Legislative Assembly for the ACT: 1996 Week 1 Hansard (21 February) . . Page.. 110 ..
MR DE DOMENICO: I will say it once again, so that the community might be aware of the wonderful benefits of the Government's decision to take on board something that has been around since 1993-94 and which this mob opposite were too frightened of. They were frightened because of the word "competition". This report recommended competition, and we know that that is anathema to the people opposite, which is why they sat on their hands and did nothing.

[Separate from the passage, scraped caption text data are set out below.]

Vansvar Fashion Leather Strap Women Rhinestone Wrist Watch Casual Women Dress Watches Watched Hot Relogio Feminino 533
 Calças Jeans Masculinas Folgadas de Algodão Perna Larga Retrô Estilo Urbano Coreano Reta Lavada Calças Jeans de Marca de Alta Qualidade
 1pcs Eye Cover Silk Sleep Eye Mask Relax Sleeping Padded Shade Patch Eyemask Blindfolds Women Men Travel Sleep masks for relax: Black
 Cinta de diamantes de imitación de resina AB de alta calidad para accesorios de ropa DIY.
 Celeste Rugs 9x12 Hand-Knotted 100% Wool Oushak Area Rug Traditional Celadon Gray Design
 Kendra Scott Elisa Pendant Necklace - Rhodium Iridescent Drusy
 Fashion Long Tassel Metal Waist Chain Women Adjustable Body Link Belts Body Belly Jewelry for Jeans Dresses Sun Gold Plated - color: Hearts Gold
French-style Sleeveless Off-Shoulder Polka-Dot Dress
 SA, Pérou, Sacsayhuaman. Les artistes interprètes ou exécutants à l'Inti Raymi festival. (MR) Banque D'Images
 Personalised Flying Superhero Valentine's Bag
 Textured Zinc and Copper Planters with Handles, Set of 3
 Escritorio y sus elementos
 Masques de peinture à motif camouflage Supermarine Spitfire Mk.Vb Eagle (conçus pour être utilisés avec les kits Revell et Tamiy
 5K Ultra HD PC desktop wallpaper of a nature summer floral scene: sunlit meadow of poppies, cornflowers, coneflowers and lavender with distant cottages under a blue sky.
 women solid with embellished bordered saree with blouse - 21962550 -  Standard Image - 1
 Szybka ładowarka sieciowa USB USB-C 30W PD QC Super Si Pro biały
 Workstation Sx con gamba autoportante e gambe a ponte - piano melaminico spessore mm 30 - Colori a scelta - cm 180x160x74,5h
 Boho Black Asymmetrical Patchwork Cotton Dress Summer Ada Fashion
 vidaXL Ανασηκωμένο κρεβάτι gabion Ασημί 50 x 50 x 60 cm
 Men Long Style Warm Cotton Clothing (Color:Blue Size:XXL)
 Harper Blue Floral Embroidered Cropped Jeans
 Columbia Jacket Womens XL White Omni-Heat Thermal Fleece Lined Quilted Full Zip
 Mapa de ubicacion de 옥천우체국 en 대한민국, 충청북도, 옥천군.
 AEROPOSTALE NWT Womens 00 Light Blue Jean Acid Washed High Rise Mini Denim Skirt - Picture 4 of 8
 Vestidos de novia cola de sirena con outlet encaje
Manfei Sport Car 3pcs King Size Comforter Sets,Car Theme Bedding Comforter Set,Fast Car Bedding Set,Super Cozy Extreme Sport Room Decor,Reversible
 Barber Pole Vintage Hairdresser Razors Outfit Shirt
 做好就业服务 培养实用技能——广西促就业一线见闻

Under the revised scheme, motorists will be required to have a green slip in order to choose their insurer - once again, choice. There will be some variation allowed in an insurer's premium of plus or minus 10 per cent to allow groups with a better claims history to be rewarded. Once again, it is a basic scheme, a basic system, that the people opposite were against. I expect that competition will be in place by 1 January next year. In the meantime, the Department of Urban Services will be seeking input from affected organisations - that is, community consultation, which the people opposite talked about often but never did themselves - in the development of some of the finer details of the implementation. This will include organisations such as the ACT Law Society and the Insurance Council of Australia.
The Government will be amending legislation to encourage a competitive market, and I hope to see other insurers writing third-party insurance as soon as possible after the middle of the year. While we will continue to review the scheme, at this stage the Government has rejected the more severe restrictions on access benefits that apply in New South Wales. The aim is to ensure that the CTP insurance scheme operating in the ACT is fair and effective and provides speedy compensation at an affordable price.
MS McRAE: Mr Speaker, my question is to Mr De Domenico in his capacity as Minister for Business, Employment and Tourism. Mr De Domenico, my question relates to the responsibility of company directors for debts. I refer specifically to what has happened to the debts of the Canberra Region Campaign, especially those to local firms? What is your policy in regard to the directors of organisations such as this? Are they responsible for the debts of the organisation in the same way as company directors in circumstances where directors' actions or inactions have caused the financial difficulty?
MR DE DOMENICO: I thank Ms McRae for the question. The Government has been in constant discussion with the appointed liquidators, Ferrier Hodgson, who have coordinated the sale of the Canberra Region Campaign assets. I can announce that the Confederation of Australian Industry, Confact, have emerged as the industry association who will take over the Canberra region logo and continue some of the activities of the campaign. The Government fully endorses Confact's commitment to developing the region. I know that they are presently determining the details of future activities, and I wish them well in their endeavours.